Taking only the lines of the data below from the line with "Imagen de Pimienta de cayena suave 1 k" to the line with "Vintage Folding Fan", ends included, write them out exactly and without pictures.

Start of Information supplied

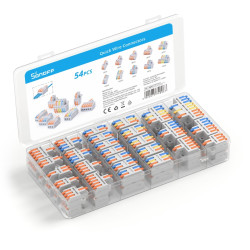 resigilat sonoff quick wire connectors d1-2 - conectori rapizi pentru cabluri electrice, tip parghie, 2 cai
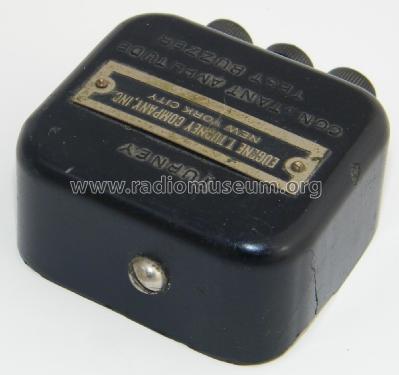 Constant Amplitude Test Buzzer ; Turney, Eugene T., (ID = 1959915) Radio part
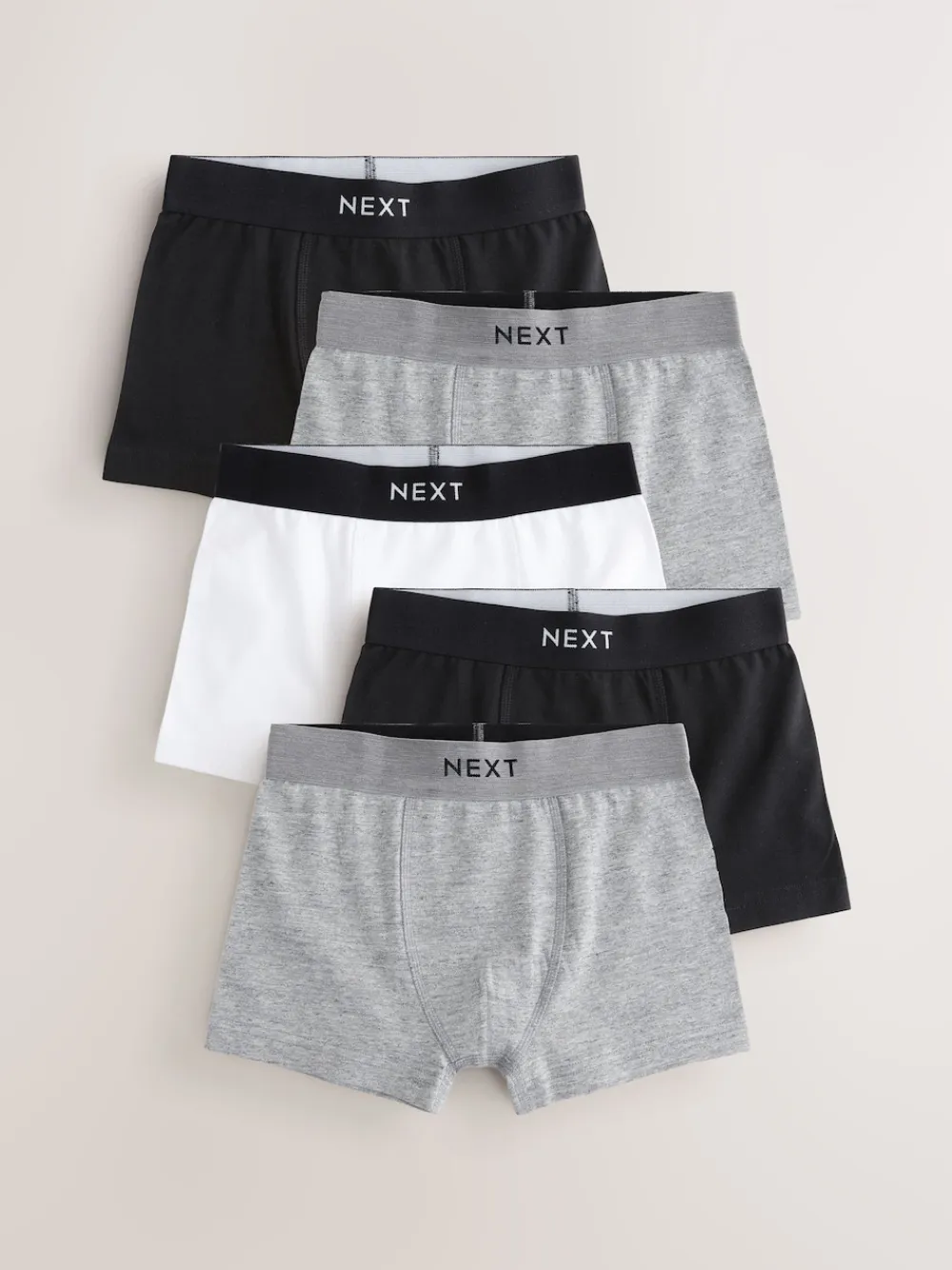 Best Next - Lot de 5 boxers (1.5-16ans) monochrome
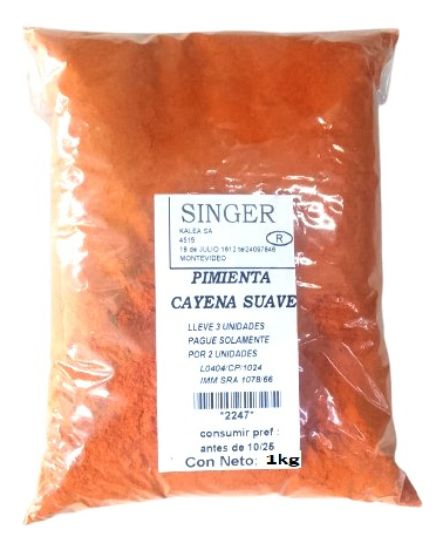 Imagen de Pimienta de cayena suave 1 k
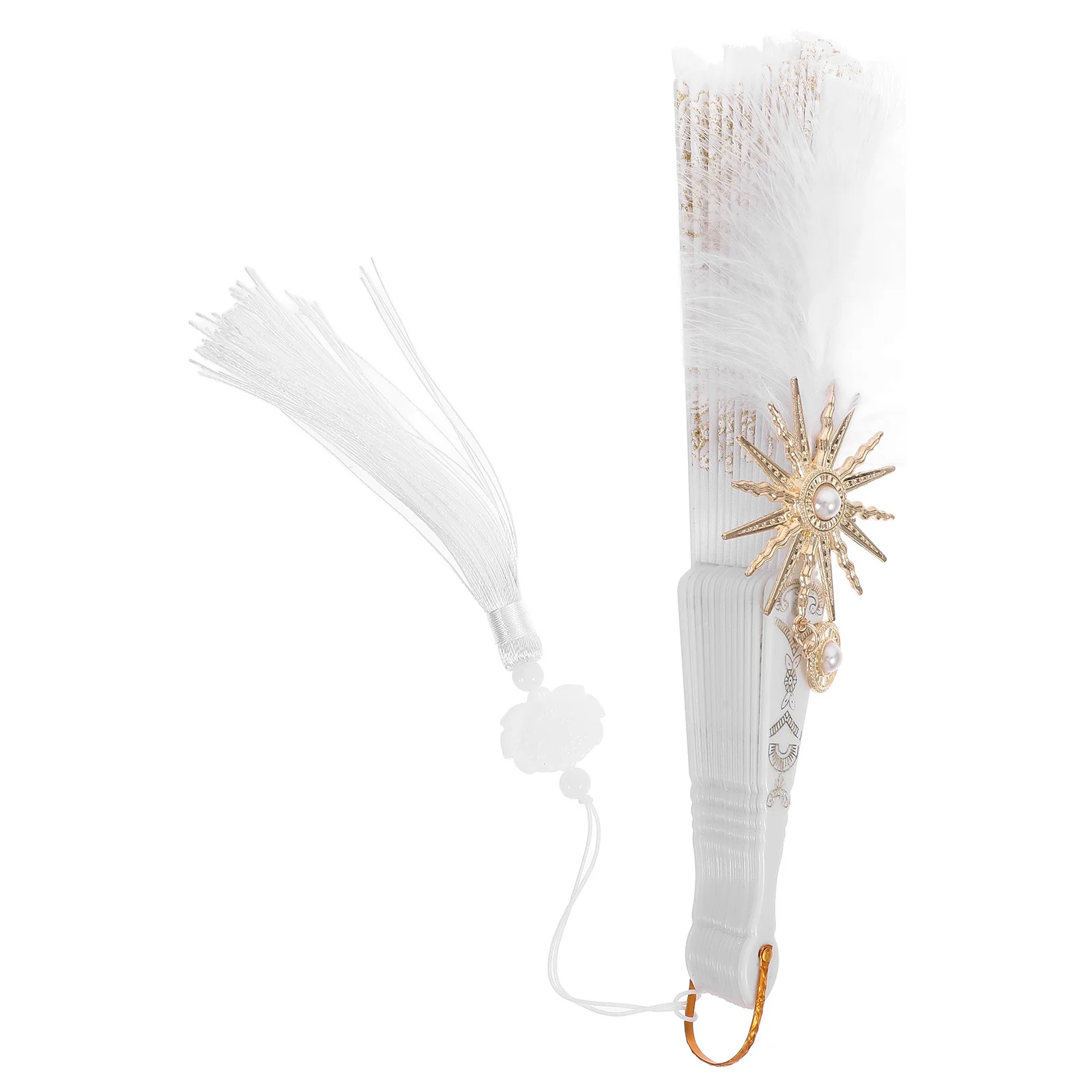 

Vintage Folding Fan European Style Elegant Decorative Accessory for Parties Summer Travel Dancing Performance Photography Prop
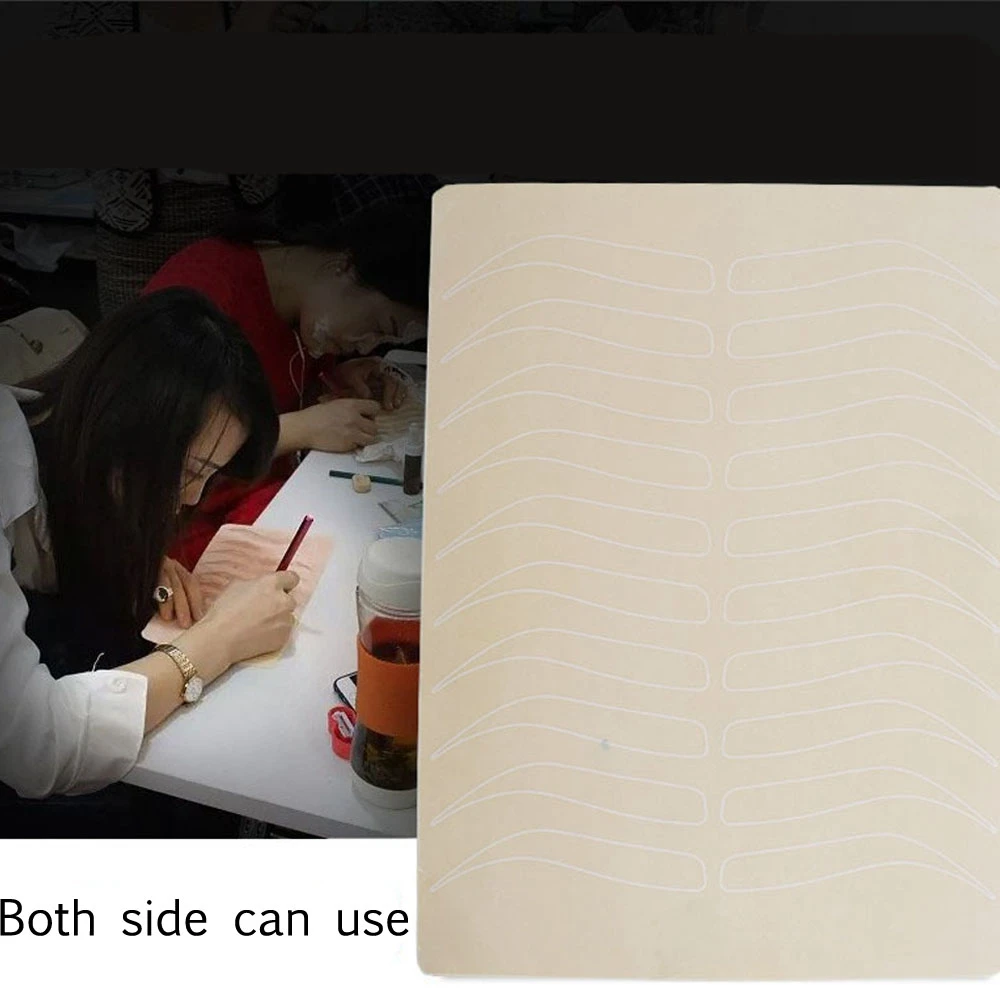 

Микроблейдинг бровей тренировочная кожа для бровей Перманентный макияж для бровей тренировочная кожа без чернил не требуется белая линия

End of Information supplied

Answer section:
 Imagen de Pimienta de cayena suave 1 k

Vintage Folding Fan European Style Elegant Decorative Accessory for Parties Summer Travel Dancing Performance Photography Prop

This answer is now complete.